▼

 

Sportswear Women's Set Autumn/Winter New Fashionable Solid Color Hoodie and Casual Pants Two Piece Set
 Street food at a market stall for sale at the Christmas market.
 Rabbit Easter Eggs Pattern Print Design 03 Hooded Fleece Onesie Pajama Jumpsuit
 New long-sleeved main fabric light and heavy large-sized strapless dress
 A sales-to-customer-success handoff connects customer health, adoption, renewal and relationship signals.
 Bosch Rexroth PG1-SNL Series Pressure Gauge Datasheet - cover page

▲
▼

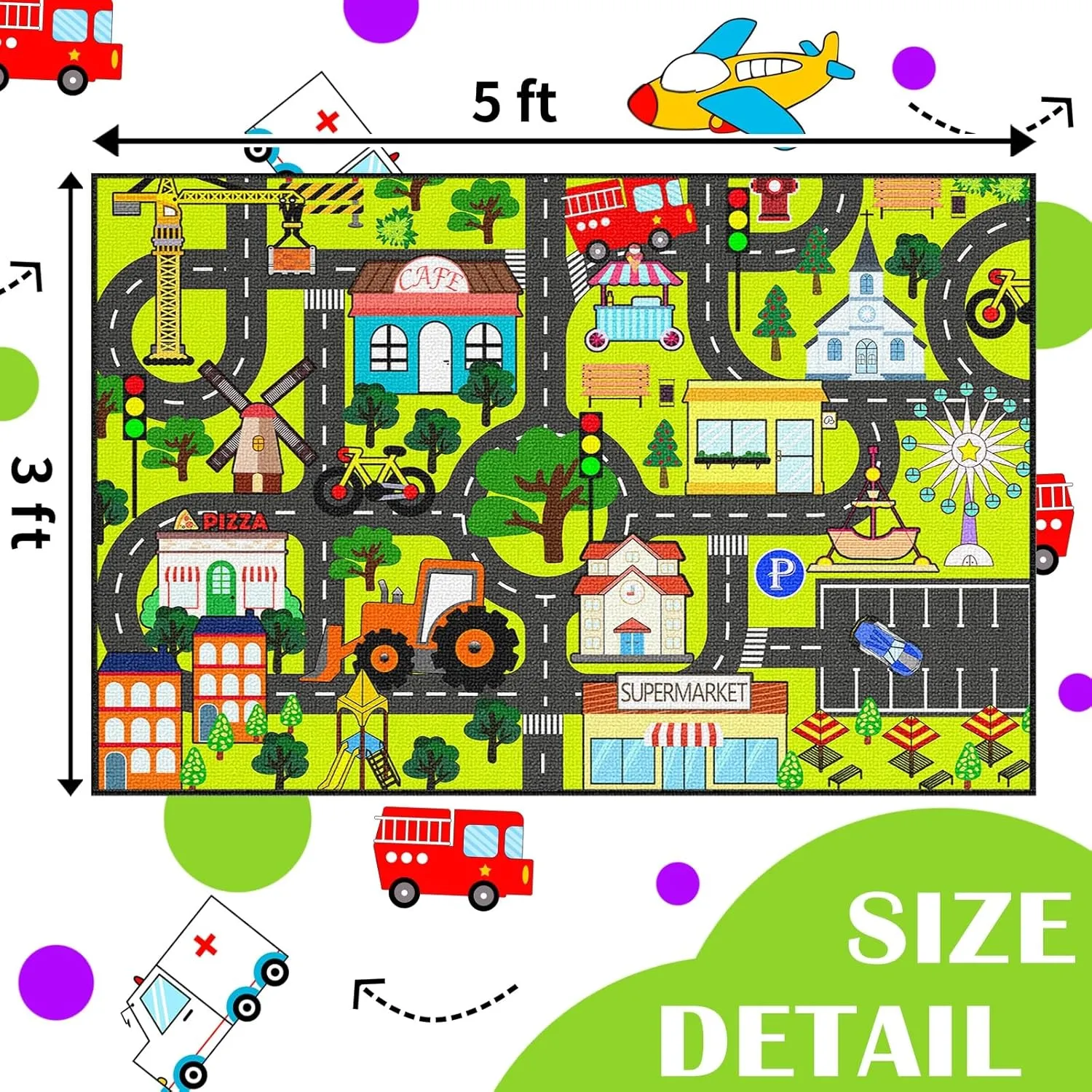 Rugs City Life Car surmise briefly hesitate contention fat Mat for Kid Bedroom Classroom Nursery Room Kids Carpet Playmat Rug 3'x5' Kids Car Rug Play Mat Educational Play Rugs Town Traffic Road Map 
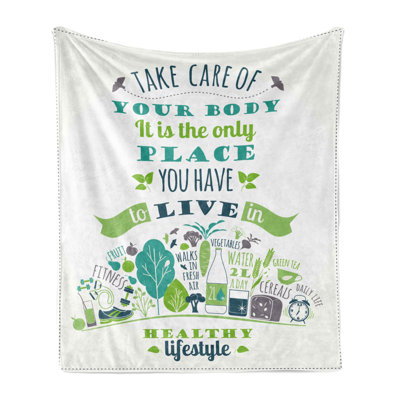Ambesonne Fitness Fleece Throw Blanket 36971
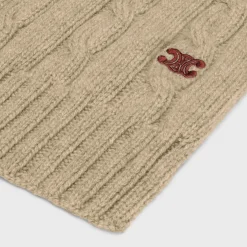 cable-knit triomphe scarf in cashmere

▲

> **EXERCISE AIM**
Print, exactly and with no pictures, the lines of the listing above starting at the one that has "Ambesonne Fitness Fleece Throw Blanket 36971" and ending at the one that has "cable-knit triomphe scarf in cashmere", both included.

> **RESULT OF THIS TASK**
Ambesonne Fitness Fleece Throw Blanket 36971
 cable-knit triomphe scarf in cashmere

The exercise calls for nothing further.